Recruiting event at Kansas encourages girls to think outside the box

Recruiting event at Kansas encourages girls to think outside the box
Posted on 02/02/2018
Madyson Hopkins of Colcord led more than 30 high school girls through a wiring project as part of Northeast Tech’s Jobs for the Girls event in early February. Most days the electrical classroom at Northeast Tech’s Kansas campus is filled with guys training on everything from circuitry to robotics, but that was not the case one Thursday in February when more than 30 high school girls attended Northeast Tech’s annual “Jobs for the Girls” event.

“Today isn't about recruiting for just the electrical program, it's about you thinking outside of the box about what you want to do,” said Electrical Technology Instructor Wade Friesen in his comments to the guests. “Our goal with this event is to create an environment for you to learn more about the training and career opportunities that are available in what’s typically a male-dominated trade.”

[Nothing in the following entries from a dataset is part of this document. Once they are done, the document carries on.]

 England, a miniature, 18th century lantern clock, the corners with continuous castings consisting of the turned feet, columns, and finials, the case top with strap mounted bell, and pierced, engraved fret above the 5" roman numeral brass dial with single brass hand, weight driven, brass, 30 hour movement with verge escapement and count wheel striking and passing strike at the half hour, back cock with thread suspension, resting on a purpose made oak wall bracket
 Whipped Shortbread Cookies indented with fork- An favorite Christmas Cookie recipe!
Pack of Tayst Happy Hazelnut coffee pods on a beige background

The high school students from Kansas, Colcord, Jay, Oaks and Locust Grove who attended the event were greeted with pink tablecloths and pastries for breakfast before taking their seat in the electrical classroom. Friesen invited industry partners from McKee Foods, White Wing Construction, Crossland Construction and Kimbel Mechanical, to kick off the morning session by describing their careers and the professional path they traveled.

After hearing from these ladies, the students donned their safety glasses and headed into the shop for a wiring activity led by Friesen’s current students.

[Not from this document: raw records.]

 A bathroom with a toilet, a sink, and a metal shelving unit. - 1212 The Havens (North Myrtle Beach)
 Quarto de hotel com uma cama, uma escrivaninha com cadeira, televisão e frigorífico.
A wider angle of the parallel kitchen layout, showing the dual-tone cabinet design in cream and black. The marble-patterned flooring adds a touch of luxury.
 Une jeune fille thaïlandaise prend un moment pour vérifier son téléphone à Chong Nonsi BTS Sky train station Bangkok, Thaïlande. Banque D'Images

“It was fun – actually learning how to do some I didn't know how to do before,” said J'Lynne Bryant of Kansas. “I liked today.”

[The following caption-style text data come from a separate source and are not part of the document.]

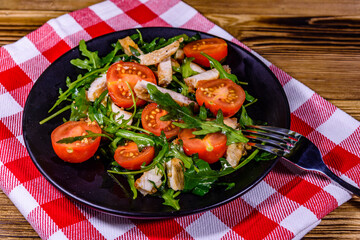 Roasted chicken breasts and salad with arugula and cherry tomatoes in a black plate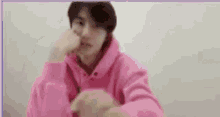 a young man wearing a pink hoodie is sitting down with his hand on his face .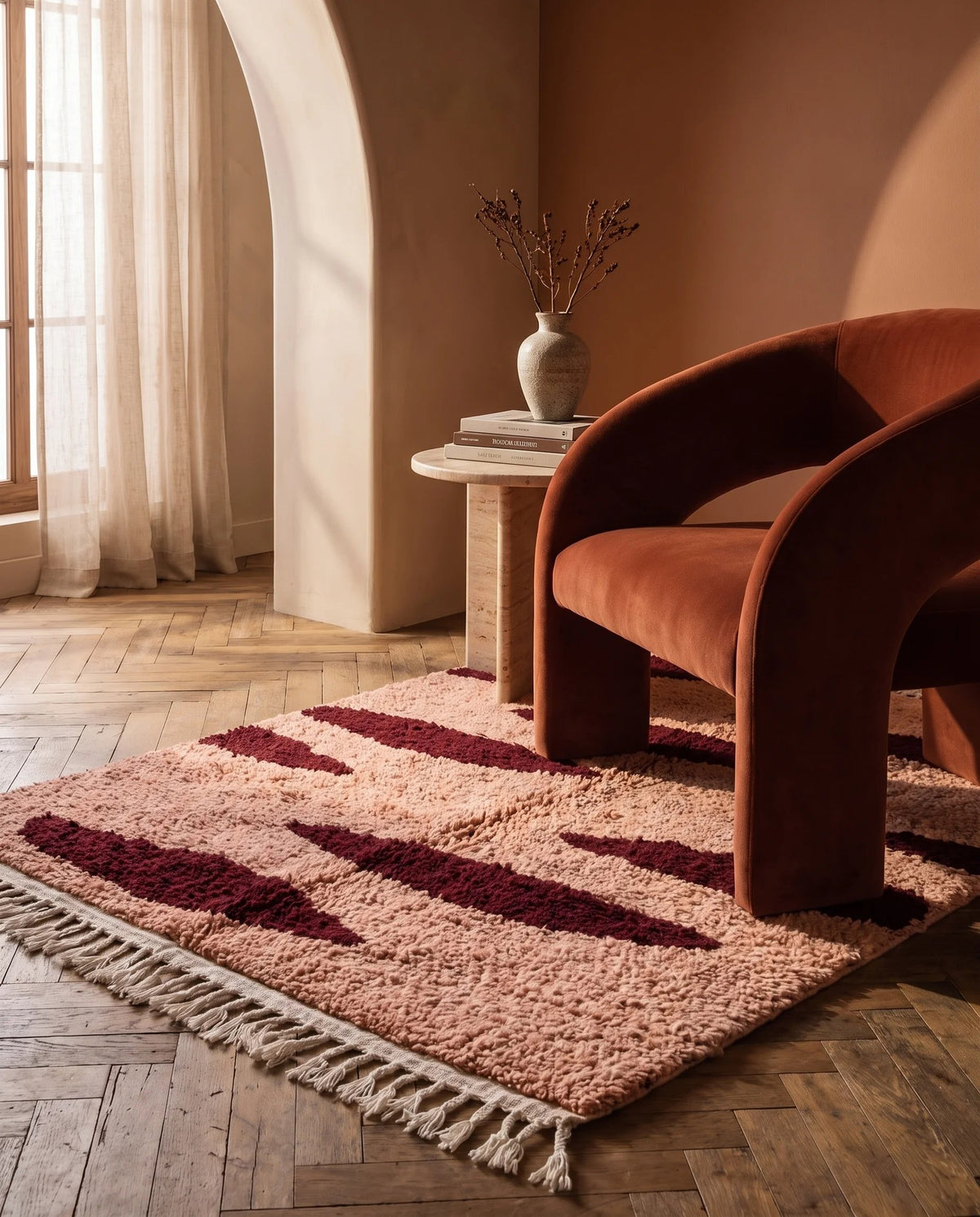 Burgundy and Blush Pink zebra stripe wool rug in a furnished room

Bryant and her classmate, Lainie Payton, were one of the first teams to successfully complete their project which consisted of running and connecting wires to complete a circuit and illuminate a light bulb.

Once all the teams wrapped up their work in the shop, they went for a quick break and then reconvened back in the classroom to hear from a few more women representing industries that included Google, ACIPCO, RAE Corp, and CBI Wholesale Electric Supply.

Erin Stafford, a facility technician and electrical journeyman at Google, spoke to the students about her professional success in a trade typically worked by men.

“At one point we had 1,200 electricians and only three were female, said Stafford. “If you prove to the guys that you're there to work, you'll just become part of the team. Being the only woman doesn't feel odd after a while, so don't let that stop you.”

April Anderson, owner/operator of CBI Wholesale Electric Supply, also shared about her career journey from working alongside her father in the electrical business to realizing that her passion was in the sale of electrical equipment.

“Go after what you want to learn,” said Anderson. “I’m still learning, and I ask the contractors I work with a lot of questions so I can better understand their needs and how my company can help them.”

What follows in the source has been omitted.